Phlebotomy is the simplest and most effective method to remove excess iron. It delays progression of fibrosis to cirrhosis, sometimes even reversing cirrhotic changes, and prolongs survival, but it does not prevent hepatocellular carcinoma. About 500 mL of blood (about 250 mg of iron) is removed weekly or biweekly (every other week) until serum ferritin levels reach 50 to 100 ng/mL. Weekly or biweekly phlebotomy may be needed for many months (eg, if 250 mg of iron are removed per week, 40 weeks will be required to remove 10 g of iron). When iron levels are normal, phlebotomies can be intermittent to maintain ferritin between 50 and 100 ng/mL.

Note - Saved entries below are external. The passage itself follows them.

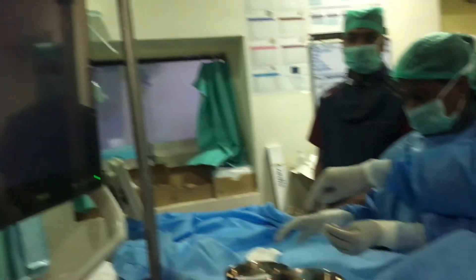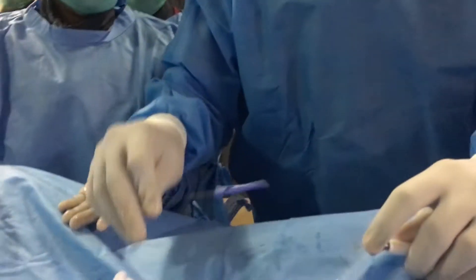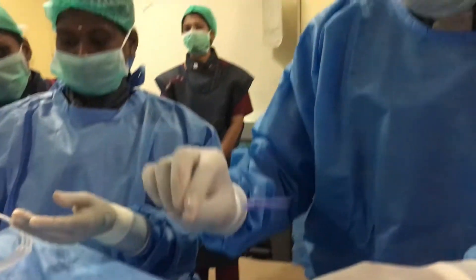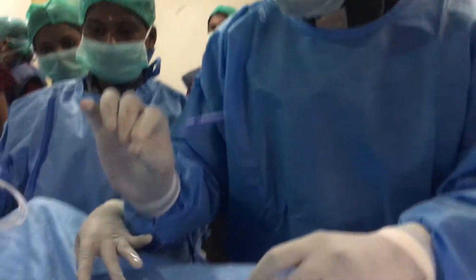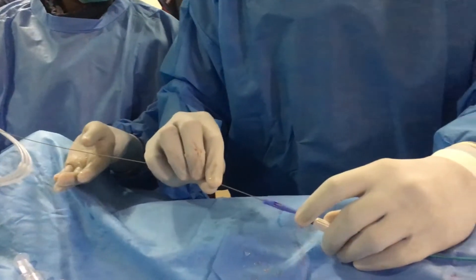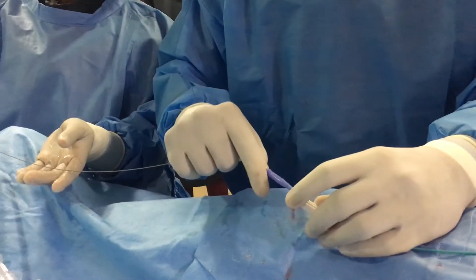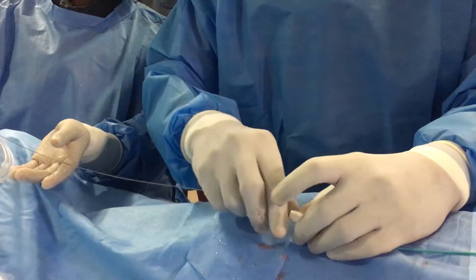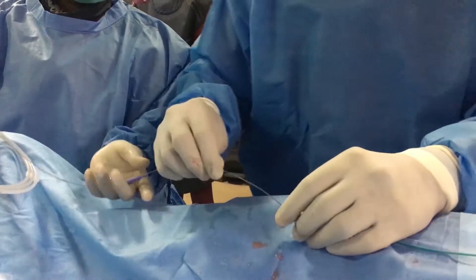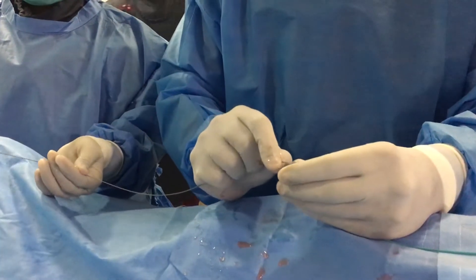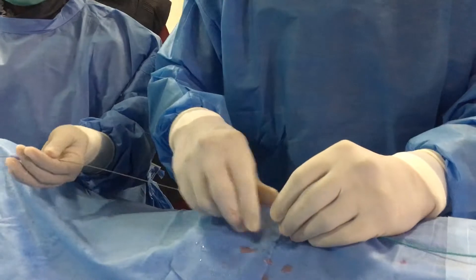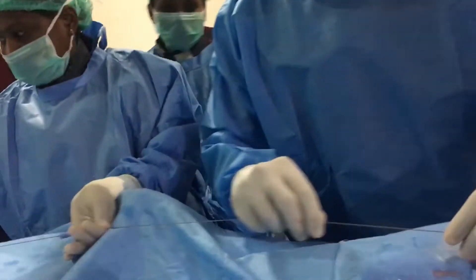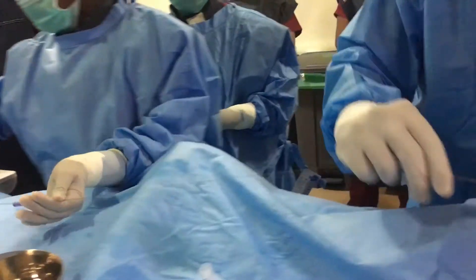So now we are going to use Amplatz ultra-stiff wire. This is not super stiff, this is ultra-stiff wire. Amplatz ultra-stiff exchange length wire. So 0.035 inch, because we have to track the Mullein sheath over this. So Mullein sheath will not track over our usual Terumo wire. So we need a stiffer wire. In case we are using ultra-stiff, any stiff wire should be fine.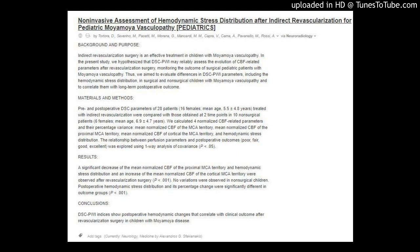Non-invasive assessment of hemodynamic stress distribution after indirect revascularization for pediatric moya-moya vasculopathy. By Tortora D., Severino M., Pesetti M., Marana G., Mankardi M.M., Capra V.A., Pavano M., Rossi A.V. Neuro-Radiology.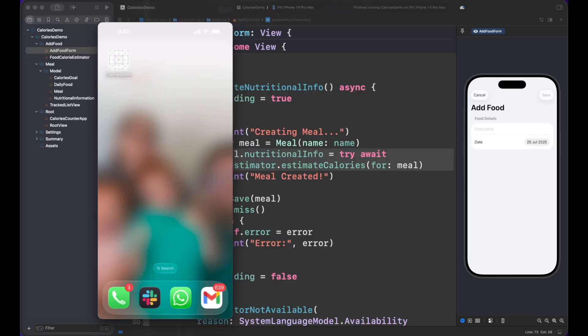In this episode, I'm going to run my calorie counter made with Foundation Models framework on my iPhone 14 Pro Max. By the way, excuse me that I stopped recording my face, but I cannot record the phone and my computer at the same time.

Diabetes mellitus, cardiomyopathy, erectile dysfunction, and other secondary manifestations are treated as indicated. Patients with advanced fibrosis or cirrhosis due to iron overload should be screened for hepatocellular carcinoma every 6 months with a liver ultrasound.
Patients should follow a balanced diet; it is not necessary to restrict consumption of iron-containing foods (eg, red meat, liver). Alcohol should be consumed only in moderation because it can increase iron absorption and, in high amounts, increases the risk of cirrhosis. Vitamin C supplements should be avoided.
In patients with type 4 disease, tolerance to vigorous phlebotomy is poor; serial monitoring of hemoglobin level and transferrin saturation is required.
Treatment of transferrin deficiency and ceruloplasmin deficiency is experimental; eg, iron chelators may be better tolerated than phlebotomy because patients typically have anemia.
There are 4 types of hereditary hemochromatosis, which all involve mutations that impair the ability of the body to inhibit iron absorption when iron stores are excessive.
The effects of iron overload are similar in all types and include liver disease (leading to cirrhosis), skin pigmentation, diabetes, arthropathy, erectile dysfunction, and sometimes heart failure.
Diagnose by measuring serum ferritin level; if elevated, confirm by demonstrating elevated serum iron, transferrin saturation, and genetic testing.
Once diagnosis is made, do liver biopsy to identify cirrhosis and determine prognosis; consider genetic testing and screening of first-degree relatives.
Treat with phlebotomy and moderation of alcohol consumption.